The Detail slider in the sharpening panel also boosts noise when pushed to the right. When pushed right it tries to analyze blur and sharpen to correct it. When your base level of noise is low, the added noise will be small, but if you are already dealing with a noisy file the noise will exponentially increase.

The radius slider doesn’t increase or decrease noise but can sometimes make the little “grains” look smaller (with smaller radius) or bigger (set at larger radius). The smaller grains may be easier to hide using other tricks later, but I recommend not sweating the radius setting for it’s effect on noise but instead utilize it to achieve the sharpening effect you want based on the spacing of the details in your image.

One other sharpening trick is to go to the adjustment brush and only sharpen the areas that really need it. Pushed to the right of center this increases the sharpening amount (like with the detail panel slider).

At last, we’ve finally made down the developing panels to the noise reduction sliders. But wait, there’s one super important thing we need to consider before messing with those. This is final output – i.e. what size and format the final image will be viewed at. If the image will be an 8×10-inch print on our wall it’s important we view it at that size. If it looks good at that size then we’re done. One huge mistake many of us make is that we obsessively view our images at 1:1. At that magnification any noise will jump out at us. But if the final output is to be viewed at less than 1:1 then our output file will be downsampled accordingly and downsampling does wonders for hiding noise.

Verm-elk-munching-South-Rim-726372
NIKON D7200 + 500mm f/4 @ 500mm, ISO 7200, 1/500, f/8.0

This crop sensor ISO 7200 file is straight out of the camera with zero postprocessing other than the Lightroom defaults.  You saw it at 100% at the beginning of the post and the noise was apparent.  Now the noise is pretty much gone all from just downsampling the file to web resolution.

If we bust out a test print, evaluate it from a normal viewing distance, and still don’t like how much noise we see, then we might consider going to the NR sliders, but first consider if the file may have been overcropped and if a looser crop will still look good and shrink the noise away as well.

5) Noise Reduction in Lightroom

Still not happy? Time to blur that noise away. We can do that globally or locally. The simplest method is to go to the noise reduction panel. Default is set to 0 for luminance and 25 for color noise.
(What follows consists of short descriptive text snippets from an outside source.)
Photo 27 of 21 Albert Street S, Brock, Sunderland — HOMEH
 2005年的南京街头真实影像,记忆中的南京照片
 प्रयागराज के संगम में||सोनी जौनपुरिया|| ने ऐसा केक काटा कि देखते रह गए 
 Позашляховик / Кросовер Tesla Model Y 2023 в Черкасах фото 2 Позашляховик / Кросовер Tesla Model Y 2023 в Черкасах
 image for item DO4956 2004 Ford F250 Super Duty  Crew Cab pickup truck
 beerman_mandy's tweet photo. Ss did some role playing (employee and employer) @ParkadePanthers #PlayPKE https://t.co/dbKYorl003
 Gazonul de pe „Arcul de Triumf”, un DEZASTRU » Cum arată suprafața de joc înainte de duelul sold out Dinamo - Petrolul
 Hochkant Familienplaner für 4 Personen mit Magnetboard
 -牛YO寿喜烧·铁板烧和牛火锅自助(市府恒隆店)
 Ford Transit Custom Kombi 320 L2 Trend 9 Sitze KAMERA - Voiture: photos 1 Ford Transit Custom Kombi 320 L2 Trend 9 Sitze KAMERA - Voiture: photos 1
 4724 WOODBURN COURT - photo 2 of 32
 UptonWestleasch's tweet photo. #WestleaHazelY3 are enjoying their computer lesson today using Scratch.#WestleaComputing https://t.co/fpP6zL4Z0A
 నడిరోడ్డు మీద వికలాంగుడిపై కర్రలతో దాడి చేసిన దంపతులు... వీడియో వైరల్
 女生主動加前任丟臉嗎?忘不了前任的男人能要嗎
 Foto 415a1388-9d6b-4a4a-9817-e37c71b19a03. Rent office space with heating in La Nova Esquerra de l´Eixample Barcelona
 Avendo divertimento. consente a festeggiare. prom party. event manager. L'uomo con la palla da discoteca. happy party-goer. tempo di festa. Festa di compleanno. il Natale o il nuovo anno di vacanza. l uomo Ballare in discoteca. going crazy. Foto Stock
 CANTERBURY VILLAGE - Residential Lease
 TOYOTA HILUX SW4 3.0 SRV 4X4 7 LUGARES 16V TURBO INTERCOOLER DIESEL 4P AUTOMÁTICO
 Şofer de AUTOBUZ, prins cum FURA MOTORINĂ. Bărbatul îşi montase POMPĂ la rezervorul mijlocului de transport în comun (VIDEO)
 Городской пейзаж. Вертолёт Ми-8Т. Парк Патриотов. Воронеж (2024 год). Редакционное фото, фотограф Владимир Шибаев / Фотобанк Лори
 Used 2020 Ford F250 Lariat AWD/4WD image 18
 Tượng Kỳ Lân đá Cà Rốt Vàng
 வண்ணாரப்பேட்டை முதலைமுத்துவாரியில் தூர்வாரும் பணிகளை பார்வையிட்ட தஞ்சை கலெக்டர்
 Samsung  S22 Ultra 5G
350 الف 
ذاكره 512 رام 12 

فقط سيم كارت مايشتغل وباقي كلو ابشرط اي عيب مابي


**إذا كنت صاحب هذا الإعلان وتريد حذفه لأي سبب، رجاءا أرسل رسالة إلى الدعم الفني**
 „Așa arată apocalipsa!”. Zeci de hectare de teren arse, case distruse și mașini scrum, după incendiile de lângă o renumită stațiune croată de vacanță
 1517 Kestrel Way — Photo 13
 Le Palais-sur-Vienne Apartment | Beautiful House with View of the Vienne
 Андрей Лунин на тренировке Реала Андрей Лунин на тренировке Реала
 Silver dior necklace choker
When noise gets really bad, such as in the opening fires of hell shot you will start to see horizontal banding artifacts or sometimes both horizontal and vertical forming a checkerboard pattern.

banding3

(Note: I increased exposure, shadows, clarity, contrast and sharpness in that output to make the noise worse so you can see the banding effect.)

The noise reduction sliders work by blurring the image – this can wreak havoc with details. If you add excessive noise reduction you get a result like this (100% view).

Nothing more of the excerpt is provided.